Curtis, now 63, says doctors would refuse to accept her as a patient because of the high doses of narcotics her body had become dependent on. At one point, her main pharmacy refused to keep filling her prescriptions.

 

"We are overreacting to the need to lower opioid prescribing by punishing patients," says Dr. Kelly Pfeifer, who leads the California Health Care Foundation’s efforts to address the opioid epidemic.

As opioid overdose deaths skyrocketed, regulators cracked down on so-called "pill mills," medical practices that handed out large quantities of prescription opioids. At the same time, professional organizations, insurance providers and state and federal agencies issued a series of rules and recommendations that pushed doctors to strictly limit opioid prescriptions and to be on the lookout for patients suspected of abusing prescription drugs.

It worked: Prescriptions for high-dosage opioids dropped nearly 50 percent between 2008 and 2016, according to the CDC. Prescriptions for all opioids dropped 18 percent from the high point in 2012. That year there were more than 255 million opioid prescriptions, the equivalent of 81 per every 100 persons. 

But even as prescriptions drop, overdose deaths continue to rise. And some patients are seeking out heroin or other illicit drugs as a substitute. There also are some reports that suggest patients have committed suicide after being cut off from opioids.

Guidelines from the CDC and the California Department of Public Health urge doctors to carefully consider the risks and benefits of continuing opioid therapy for patients who have been on the drugs long term. If the risks outweigh the benefits, doctors are encouraged to work with patients to safely decrease their dosage and to help get patients who have become addicted into treatment.

But many doctors are choosing to extract themselves from the problem by renouncing opioids completely, says Pfeifer.

"We're seeing doctors say, 'I don't use opioids for chronic pain. Good luck,’" she says.

The medical community needs to own up to its role in fueling the epidemic and work harder to repair the damage, Pfeifer says.

"We ... have harmed people by putting them on high-dose opioids and it's our responsibility to work with every individual one of them to get them down to safer, lower doses to make sure they stay safe," she says. "And that's not happening."

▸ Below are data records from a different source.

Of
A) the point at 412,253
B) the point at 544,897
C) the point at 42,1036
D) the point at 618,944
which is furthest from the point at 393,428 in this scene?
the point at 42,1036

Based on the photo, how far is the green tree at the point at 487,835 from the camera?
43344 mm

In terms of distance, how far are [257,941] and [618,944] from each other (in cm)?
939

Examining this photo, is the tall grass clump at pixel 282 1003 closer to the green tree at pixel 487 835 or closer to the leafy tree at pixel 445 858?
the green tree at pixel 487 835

We're also failing to treat patients who become addicted to opioids, says Pfeifer.

According to the National Institute on Drug Abuse, 8 to 12 percent of long-term opioid users develop an addiction, and some studies suggest that number is much higher. And yet not enough doctors are stepping up to provide treatment, Pfeifer says.

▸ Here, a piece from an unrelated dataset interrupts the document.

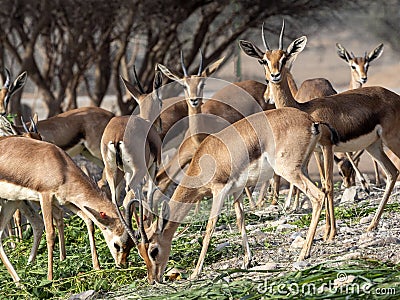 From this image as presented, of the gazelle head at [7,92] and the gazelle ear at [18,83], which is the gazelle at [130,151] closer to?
the gazelle head at [7,92]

She and other health care leaders are pushing for primary care doctors to provide medication-assisted treatment, which is considered the gold standard in addressing opioid use disorders. Such treatment involves the use of less harmful opioids, like buprenorphine, to even out the cycle of craving and withdrawal and wean people off more dangerous opioids.

The Urban Institute estimates that between 166,000 and 245,000 Californians with opioid use disorders don't have access to medication-assisted treatment.

Too close to a statistic

As a nurse before and after the start of America's most-recent, ill-fated love affair with opioids, Curtis knew about the risk of addiction and overdose that came along with the drug. She held off taking them as long as she could. But the pain became overwhelming.

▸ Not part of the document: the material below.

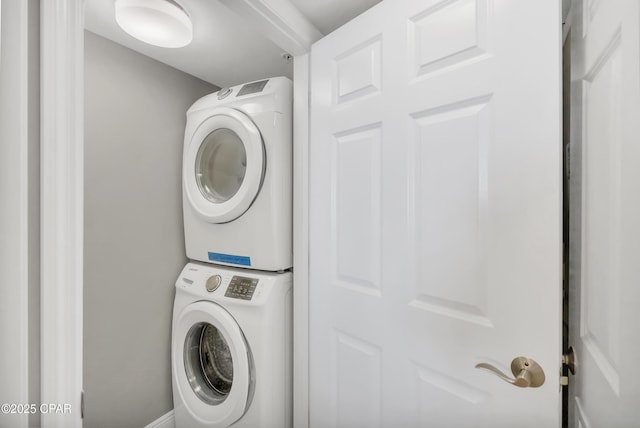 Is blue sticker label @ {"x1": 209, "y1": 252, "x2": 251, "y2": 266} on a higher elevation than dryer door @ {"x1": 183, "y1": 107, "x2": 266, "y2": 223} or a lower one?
lower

"It was in my face all day long," Curtis says. "I couldn't think a solid thought because I had so much pain."

NORWICH, CT - MARCH 23:  Oxycodone pain pills prescribed for a patient with chronic pain lie on display on March 23, 2016 in Norwich, CT. On March 15, the U.S. Centers for Disease Control (CDC), announced guidelines for doctors to reduce the amount of opioid painkillers prescribed, in an effort to curb the epidemic. The CDC estimates that most new heroin addicts first became hooked on prescription pain medication before graduating to heroin, which is stronger and cheaper.  (Photo by John Moore/Getty Images)
NORWICH, CT - MARCH 23: Oxycodone pain pills prescribed for a patient with chronic pain lie on display on March 23, 2016 in Norwich, CT. On March 15, the U.S. Centers for Disease Control (CDC), announced guidelines for doctors to reduce the amount of opioid painkillers prescribed, in an effort to curb the epidemic. The CDC estimates that most new heroin addicts first became hooked on prescription pain medication before graduating to heroin, which is stronger and cheaper. (Photo by John Moore/Getty Images)
(
John Moore/Getty Images
)

One day in 2014, she was alone in her Huntington Beach home when she began to feel lightheaded. She had been taking high doses of oxycodone and wearing a fentanyl patch to ease the pain that persisted despite her multiple surgeries.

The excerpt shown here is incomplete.